3.6 Met het oog op de hanteerbaarheid van het recht dient te worden uitgegaan van een ruime uitleg van de in art. 39 Wet RO aan de Kantonrechter gegeven bevoegdheid. Deze ruime uitleg brengt mee dat aan vorderingen die verband houden met en niet los gezien kunnen worden van het (oorspronkelijke) bestaan van een huurovereenkomst, de kwalificatie "betrekkelijk tot huur" moet worden toegekend. De Rechtbank en het Hof hebben deze maatstaven niet miskend. Zij hebben echter geoordeeld dat de vordering van [eiser] mede is gebaseerd op een grondslag die geheel buiten het bestaan van de huurovereenkomst valt en daarom niet de kwalificatie "betrekkelijk tot huur" verdient. Dit oordeel getuigt niet van een onjuiste rechtsopvatting. Onderdeel IIA van het middel faalt.
3.7 Onderdeel IIB kan niet tot cassatie leiden. Het onderdeel gaat uit van een onjuiste lezing van het bestreden arrest voor zover het is gebaseerd op de ver- onderstelling dat het Hof een belangenafweging in het kader van de huurovereenkomst heeft toegepast. Het Hof heeft immers slechts geoordeeld dat het gebruik maken door de verhuurder van zijn wettelijke mogelijkheden tot beëindiging van de huurovereenkomst tegen de hiervoor in 3.5 geschetste achtergrond, in het algemeen geen onrechtmatige daad van de verhuurder oplevert en dat dit voor een gemeente niet anders ligt. Vervolgens heeft het Hof in het onderhavige geval geen aanleiding gezien te oordelen dat de gemeente wel onrechtmatig heeft gehandeld doordat zij in redelijkheid niet kon komen tot haar beslissing tot beëindiging van de huur of doordat de nadelige gevolgen daarvan voor [eiser] onevenredig zouden zijn in verhouding tot de door de gemeente daarmee te dienen doelen, waarmee het Hof kennelijk het oog heeft gehad op de door de Rechtbank genoemde maatstaf van art. 3:4 Awb.

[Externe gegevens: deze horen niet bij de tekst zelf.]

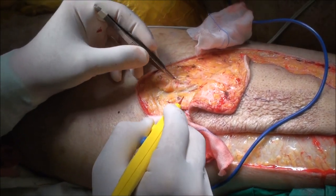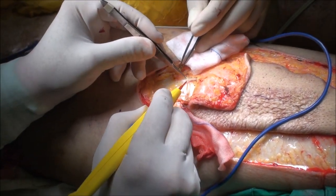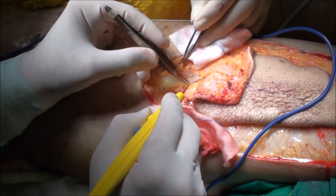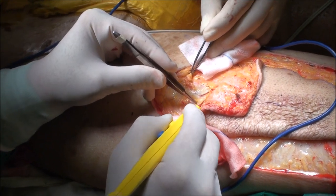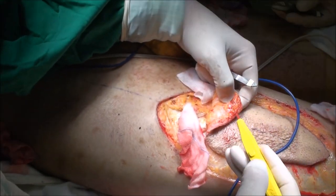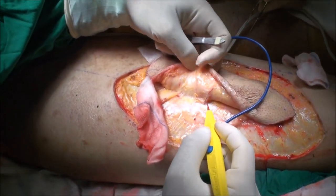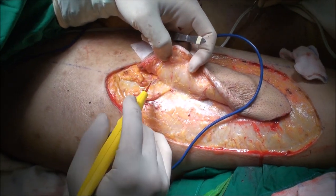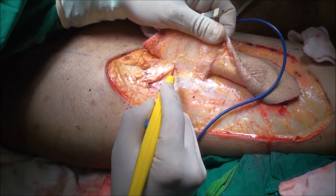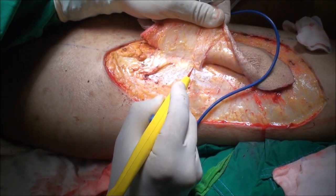Here we are using the monopolar bovie and the Colorado to dissect the perforators in the subcutaneous pathway. Now with the cutting mode with high power, it really allows not only to cut the tissue but also to coagulate the many branches coming out from the perforator. Especially in the subcutaneous portion where you see multiple small branches originating from the perforator, the cutting mode at this high power allows good coagulation.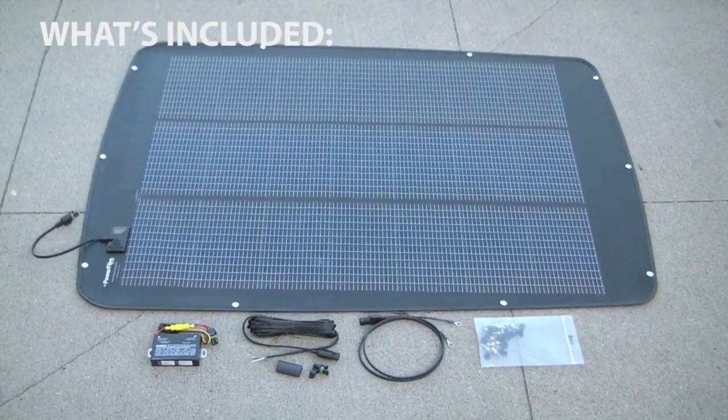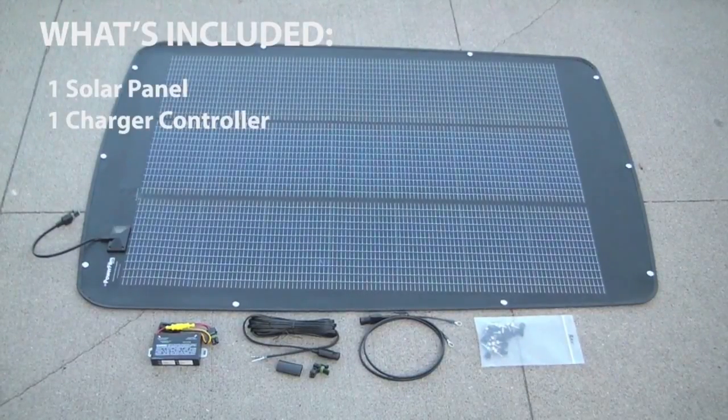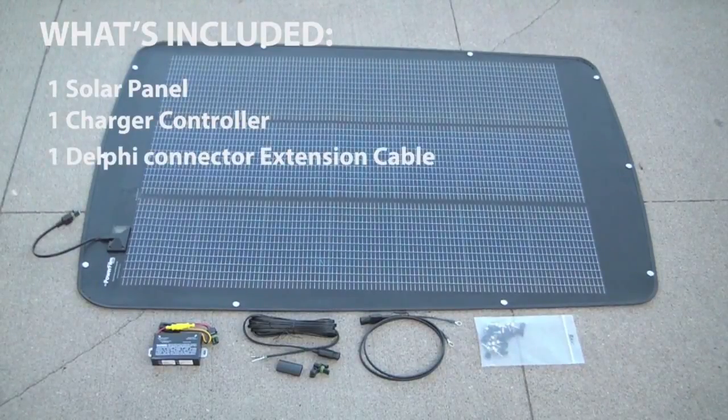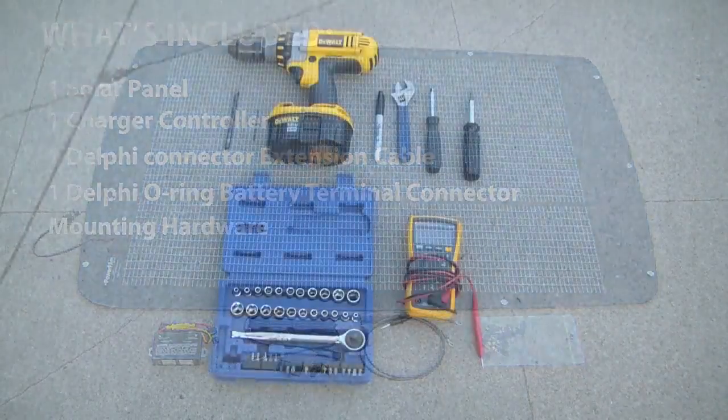What's included in your golf cart solar kit? One solar panel, one charge controller, one Delphi connector extension cable, one Delphi O-ring battery terminal connector, and the mounting hardware.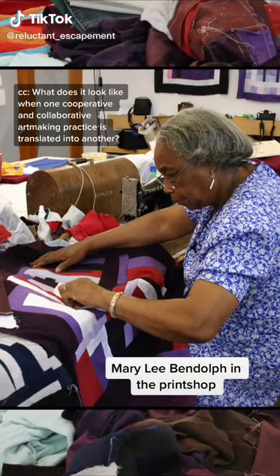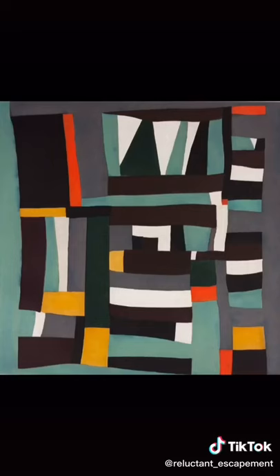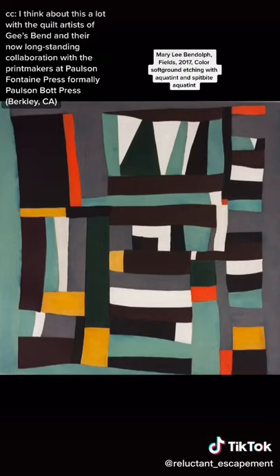What does it look like when one cooperative and collaborative art-making practice is translated into another? I think about this a lot with the quilt artists of Gee's Bend and their now long-standing collaboration with the printmakers at Paulson Fontaine Press, formerly Paulson Bot Press.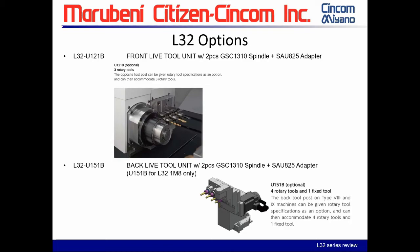This next option is for the L-32 type 8 only: the U151B back live tooling unit. The five-position static block can be replaced with the U151B. It comes with two live GSE 1310s and an SAU 825 adapter. You still retain five tools, but one of those tools is fixed among the four rotary positions.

Dit oordeel van het Hof is niet onbegrijpelijk en ook niet onvoldoende gemotiveerd. Het kan voor het overige, verweven als het is met waarderingen van feitelijke aard, in cassatie niet op juistheid worden getoetst. Voor zover het onderdeel berust op de stelling dat de oordelen van de Rechtbank met betrekking tot een onzorgvuldige afweging van belangen door de gemeente, gezag van gewijsde hebben gekregen, faalt het reeds op de grond dat [eiser] dit gezag van gewijsde in de procedure voor het Hof niet heeft ingeroepen.
4. Beslissing
De Hoge Raad:
verwerpt het beroep;
veroordeelt [eiser] in de kosten van het geding in cassatie, tot op deze uitspraak aan de zijde van de gemeente begroot op ƒ 7.357,20 aan verschotten en ƒ 3.000,-- voor salaris.
Dit arrest is gewezen door de vice-president F.H.J. Mijnssen als voorzitter en de raadsheren H.A.M. Aaftink, A.G. Pos, O. de Savornin Lohman en A. Hammerstein, en in het openbaar uitgesproken door de raadsheer A. Hammerstein op 16 november 2001.